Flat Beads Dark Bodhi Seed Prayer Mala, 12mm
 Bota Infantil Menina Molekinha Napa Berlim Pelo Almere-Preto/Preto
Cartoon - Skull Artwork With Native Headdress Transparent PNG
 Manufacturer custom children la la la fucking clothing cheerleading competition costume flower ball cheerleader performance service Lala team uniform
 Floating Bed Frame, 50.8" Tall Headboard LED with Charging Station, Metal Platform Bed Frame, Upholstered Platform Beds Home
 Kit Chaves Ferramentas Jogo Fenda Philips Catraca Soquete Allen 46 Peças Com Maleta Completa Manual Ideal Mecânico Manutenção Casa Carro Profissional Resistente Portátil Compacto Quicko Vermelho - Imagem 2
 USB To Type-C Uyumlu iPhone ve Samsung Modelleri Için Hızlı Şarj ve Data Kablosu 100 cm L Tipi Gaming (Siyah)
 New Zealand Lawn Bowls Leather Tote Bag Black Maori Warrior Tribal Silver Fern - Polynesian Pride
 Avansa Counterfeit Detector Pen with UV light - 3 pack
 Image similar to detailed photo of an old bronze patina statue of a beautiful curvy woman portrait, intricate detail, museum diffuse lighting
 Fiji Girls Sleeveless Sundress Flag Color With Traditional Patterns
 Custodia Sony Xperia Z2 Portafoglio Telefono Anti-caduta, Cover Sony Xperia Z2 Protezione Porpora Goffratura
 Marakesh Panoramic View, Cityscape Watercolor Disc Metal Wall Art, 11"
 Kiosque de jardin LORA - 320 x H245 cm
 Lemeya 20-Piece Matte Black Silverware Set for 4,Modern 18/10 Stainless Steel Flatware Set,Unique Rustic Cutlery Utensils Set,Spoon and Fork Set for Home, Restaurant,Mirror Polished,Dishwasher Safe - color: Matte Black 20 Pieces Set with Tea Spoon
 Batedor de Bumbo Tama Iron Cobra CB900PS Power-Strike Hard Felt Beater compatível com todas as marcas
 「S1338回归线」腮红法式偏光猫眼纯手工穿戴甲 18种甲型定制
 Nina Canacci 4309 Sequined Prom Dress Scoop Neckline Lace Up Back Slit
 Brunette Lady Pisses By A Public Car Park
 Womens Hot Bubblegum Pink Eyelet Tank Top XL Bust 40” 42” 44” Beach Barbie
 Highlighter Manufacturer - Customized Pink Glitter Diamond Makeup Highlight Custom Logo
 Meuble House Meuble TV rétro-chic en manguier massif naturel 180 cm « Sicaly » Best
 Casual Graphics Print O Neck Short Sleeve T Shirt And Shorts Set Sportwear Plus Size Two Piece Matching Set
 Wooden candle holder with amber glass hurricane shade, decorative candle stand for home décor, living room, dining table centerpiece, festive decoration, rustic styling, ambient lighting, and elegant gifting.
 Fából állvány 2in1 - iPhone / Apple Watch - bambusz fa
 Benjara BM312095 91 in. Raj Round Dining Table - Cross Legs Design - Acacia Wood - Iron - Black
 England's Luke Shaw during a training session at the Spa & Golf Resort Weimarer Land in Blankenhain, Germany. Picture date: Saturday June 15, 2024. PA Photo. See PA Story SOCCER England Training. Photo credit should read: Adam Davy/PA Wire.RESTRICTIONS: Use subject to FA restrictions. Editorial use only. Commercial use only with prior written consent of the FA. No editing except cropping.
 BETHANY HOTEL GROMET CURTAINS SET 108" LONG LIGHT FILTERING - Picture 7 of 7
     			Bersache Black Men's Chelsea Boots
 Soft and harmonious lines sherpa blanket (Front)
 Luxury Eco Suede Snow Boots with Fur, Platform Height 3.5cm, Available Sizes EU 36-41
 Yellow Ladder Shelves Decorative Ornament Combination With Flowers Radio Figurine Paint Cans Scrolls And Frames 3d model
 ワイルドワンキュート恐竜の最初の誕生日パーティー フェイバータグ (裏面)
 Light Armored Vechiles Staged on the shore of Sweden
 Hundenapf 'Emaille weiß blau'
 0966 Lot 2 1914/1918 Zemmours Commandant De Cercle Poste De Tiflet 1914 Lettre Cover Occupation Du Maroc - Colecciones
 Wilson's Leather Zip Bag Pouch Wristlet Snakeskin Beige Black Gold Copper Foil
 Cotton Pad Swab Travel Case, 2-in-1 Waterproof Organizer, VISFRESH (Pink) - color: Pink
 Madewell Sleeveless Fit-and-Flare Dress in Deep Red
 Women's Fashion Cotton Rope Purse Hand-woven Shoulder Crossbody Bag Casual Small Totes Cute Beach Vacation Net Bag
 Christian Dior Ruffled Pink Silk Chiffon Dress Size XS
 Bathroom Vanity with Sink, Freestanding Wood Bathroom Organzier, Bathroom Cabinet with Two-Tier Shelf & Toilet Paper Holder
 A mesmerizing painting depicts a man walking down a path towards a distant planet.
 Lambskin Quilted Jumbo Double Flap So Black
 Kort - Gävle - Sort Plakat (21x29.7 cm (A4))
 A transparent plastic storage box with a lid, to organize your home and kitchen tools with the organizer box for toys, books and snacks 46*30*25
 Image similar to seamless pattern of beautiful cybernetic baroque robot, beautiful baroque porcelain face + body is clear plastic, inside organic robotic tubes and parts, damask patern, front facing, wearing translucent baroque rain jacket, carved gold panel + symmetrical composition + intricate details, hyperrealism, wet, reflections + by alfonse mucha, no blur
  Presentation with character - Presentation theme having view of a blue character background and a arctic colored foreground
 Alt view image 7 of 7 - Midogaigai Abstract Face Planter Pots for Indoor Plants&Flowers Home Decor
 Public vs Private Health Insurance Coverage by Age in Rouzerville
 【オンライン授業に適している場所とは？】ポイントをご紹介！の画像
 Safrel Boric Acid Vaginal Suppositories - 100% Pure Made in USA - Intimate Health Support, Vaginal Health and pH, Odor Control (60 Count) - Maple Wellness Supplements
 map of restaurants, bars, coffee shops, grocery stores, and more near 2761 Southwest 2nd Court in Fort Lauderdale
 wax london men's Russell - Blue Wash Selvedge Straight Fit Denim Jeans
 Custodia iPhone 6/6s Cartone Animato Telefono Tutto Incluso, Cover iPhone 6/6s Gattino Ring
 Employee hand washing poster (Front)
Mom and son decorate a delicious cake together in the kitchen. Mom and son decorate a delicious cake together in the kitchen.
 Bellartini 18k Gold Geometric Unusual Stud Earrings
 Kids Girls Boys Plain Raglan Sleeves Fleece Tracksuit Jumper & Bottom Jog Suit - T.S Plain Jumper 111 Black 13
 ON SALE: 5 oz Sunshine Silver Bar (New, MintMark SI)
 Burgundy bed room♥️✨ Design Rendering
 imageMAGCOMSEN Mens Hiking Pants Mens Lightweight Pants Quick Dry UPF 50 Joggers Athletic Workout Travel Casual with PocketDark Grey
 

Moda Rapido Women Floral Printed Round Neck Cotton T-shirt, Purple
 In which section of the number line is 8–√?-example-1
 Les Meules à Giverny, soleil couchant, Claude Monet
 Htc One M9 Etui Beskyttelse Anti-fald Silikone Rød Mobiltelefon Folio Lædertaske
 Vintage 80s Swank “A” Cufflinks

# Task item
Which lines above run from the one containing "Bota Infantil Menina" to the one containing "Manufacturer custom children"? Give them again exactly, both ends included.

# Output for this task
 Bota Infantil Menina Molekinha Napa Berlim Pelo Almere-Preto/Preto
Cartoon - Skull Artwork With Native Headdress Transparent PNG
 Manufacturer custom children la la la fucking clothing cheerleading competition costume flower ball cheerleader performance service Lala team uniform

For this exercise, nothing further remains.